The Basics of the TMT Sector
The TMT sector includes a wide range of companies, but they are interrelated in that they heavily depend on research & development (R&D), the value of patents and other intellectual property protections and preferring rapid company growth. As a result, the valuations of companies in this industry segment may tolerate relatively high price-to-earnings (P/E) ratios in favor of enterprise-value-to-sales (EV/Sales).
Within the TMT sector, it is useful to subdivide it into relevant subsectors. Each subsector has different properties and mechanics that make valuing them different. Each also has different growth metrics and prospects.
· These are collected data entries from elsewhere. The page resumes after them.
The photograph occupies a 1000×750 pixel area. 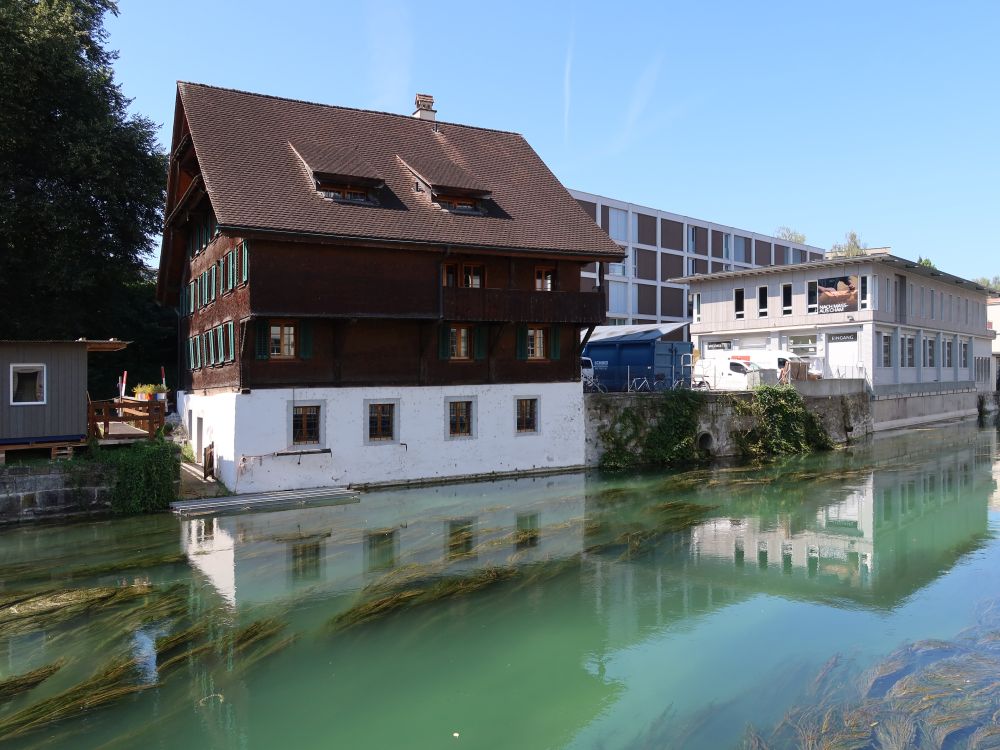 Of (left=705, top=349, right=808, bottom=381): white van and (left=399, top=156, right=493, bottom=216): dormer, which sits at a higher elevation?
(left=399, top=156, right=493, bottom=216): dormer

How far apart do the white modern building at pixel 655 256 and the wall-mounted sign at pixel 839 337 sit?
12000mm

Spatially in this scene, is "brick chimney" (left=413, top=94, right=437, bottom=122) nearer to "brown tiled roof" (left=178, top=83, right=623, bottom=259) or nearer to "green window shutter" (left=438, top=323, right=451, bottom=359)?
"brown tiled roof" (left=178, top=83, right=623, bottom=259)

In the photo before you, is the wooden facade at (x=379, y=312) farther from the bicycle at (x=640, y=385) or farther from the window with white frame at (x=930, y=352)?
the window with white frame at (x=930, y=352)

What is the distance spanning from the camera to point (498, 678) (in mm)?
9859

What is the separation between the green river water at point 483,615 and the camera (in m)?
8.77

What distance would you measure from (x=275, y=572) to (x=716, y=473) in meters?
17.3

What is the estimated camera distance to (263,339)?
72.2 feet

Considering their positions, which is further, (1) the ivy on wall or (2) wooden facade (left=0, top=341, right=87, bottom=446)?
(1) the ivy on wall

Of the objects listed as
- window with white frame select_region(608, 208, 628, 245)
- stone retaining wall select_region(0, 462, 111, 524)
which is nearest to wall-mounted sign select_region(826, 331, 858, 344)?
window with white frame select_region(608, 208, 628, 245)

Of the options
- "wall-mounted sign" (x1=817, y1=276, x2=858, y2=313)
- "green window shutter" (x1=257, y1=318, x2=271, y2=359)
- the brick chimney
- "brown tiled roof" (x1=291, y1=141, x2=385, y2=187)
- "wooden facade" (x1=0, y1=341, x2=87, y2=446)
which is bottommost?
"wooden facade" (x1=0, y1=341, x2=87, y2=446)

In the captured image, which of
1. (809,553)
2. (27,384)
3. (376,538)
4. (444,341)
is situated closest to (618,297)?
(444,341)

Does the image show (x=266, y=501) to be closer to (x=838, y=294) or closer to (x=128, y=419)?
(x=128, y=419)

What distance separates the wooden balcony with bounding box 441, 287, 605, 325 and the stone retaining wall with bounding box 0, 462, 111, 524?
10279 millimetres

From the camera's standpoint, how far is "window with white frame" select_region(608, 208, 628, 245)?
6078 cm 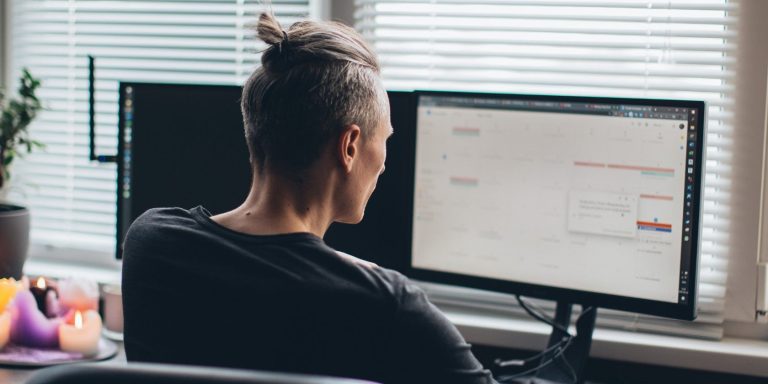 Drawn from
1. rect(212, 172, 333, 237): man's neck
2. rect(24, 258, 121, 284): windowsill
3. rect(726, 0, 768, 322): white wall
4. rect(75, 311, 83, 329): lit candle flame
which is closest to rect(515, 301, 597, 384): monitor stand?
rect(726, 0, 768, 322): white wall

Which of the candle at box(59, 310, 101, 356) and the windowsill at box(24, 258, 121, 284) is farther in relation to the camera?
the windowsill at box(24, 258, 121, 284)

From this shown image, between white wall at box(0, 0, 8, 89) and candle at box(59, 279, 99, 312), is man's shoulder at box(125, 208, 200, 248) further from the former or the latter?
white wall at box(0, 0, 8, 89)

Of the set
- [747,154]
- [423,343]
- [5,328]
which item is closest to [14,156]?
[5,328]

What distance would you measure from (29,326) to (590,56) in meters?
1.22

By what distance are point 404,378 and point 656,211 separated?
66cm

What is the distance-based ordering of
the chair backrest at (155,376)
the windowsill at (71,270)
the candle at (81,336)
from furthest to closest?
the windowsill at (71,270) < the candle at (81,336) < the chair backrest at (155,376)

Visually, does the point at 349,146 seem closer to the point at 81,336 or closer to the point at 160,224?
the point at 160,224

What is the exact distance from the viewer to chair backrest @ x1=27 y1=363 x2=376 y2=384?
31.5 inches

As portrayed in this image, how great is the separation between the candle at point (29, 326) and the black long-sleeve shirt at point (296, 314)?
70cm

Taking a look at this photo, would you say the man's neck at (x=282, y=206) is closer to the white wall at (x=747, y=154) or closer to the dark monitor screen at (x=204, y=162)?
the dark monitor screen at (x=204, y=162)

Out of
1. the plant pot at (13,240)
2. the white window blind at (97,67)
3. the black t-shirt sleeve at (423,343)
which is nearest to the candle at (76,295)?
the plant pot at (13,240)

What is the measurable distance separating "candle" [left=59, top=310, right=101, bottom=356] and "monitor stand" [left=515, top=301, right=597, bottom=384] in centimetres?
80

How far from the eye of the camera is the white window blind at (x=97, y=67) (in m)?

For example, the telecom sector is driven by the shift toward growth in wireless and the shift away from pay TV. Meanwhile, the Internet subsector is led by a rise in e-commerce and social.
Semiconductor manufacturers develop and produce integrated circuits and microchips used in all sorts of applications from personal computers and mobile devices to robotics and industrial machinery. Some representative firms are Intel, AMD, Texas Instruments and Nvidia.
The telecom part focuses on communications-related businesses such as phone, TV and Internet service providers and includes players such as AT&T, Verizon and Sprint.
The hardware companies include computer makers – IBM, Dell and HP – but also makers of server systems, mobile device handsets, tablets and storage devices such as hard drives and memory. Internet companies exist online and include companies like Facebook, Groupon, LinkedIn and Zynga.
Software companies produce computer or mobile applications for both individuals and enterprise and include Microsoft, Adobe, and SAP. Networking companies maintain, install, and produce components for wired and wireless computer networks including fiber optic cable, switches and routers. Some big players in the networking space include Cisco Systems, Juniper Networks, Netgear and Ciena Corporation.
Media companies develop, produce and distribute multimedia content on TV, radio, in print and online. Television networks, cable TV providers, production studios and social media companies may all be included in this subsector.
- The technology, media and telecom sectors is often broken up into subsectors, such as semiconductors, Internet and mobile.
- TMT as a high amount of M&A activity and IPOs.
- TMT companies trade at relatively high valuation multiples, such as P/E and EV/Sales ratios, compared to other sectors.
TMT Sector Adaptability Example
Different market participants may categorize different TMT companies in different subsectors. Facebook may be viewed as either Internet or media, and Apple as Internet, hardware, software and media, depending on who is judging the company.
Other examples that cross subsectors are Hulu, Amazon and Netflix. Sometimes, companies in one subsector of TMT will merge or acquire another to consolidate, diversify and broaden product offerings. This has been seen in the examples of the merger of AOL and Time Warner in 2000, with AT&T and Dish Network joining forces in 2015, and the Dell-EMC merger happening that same year.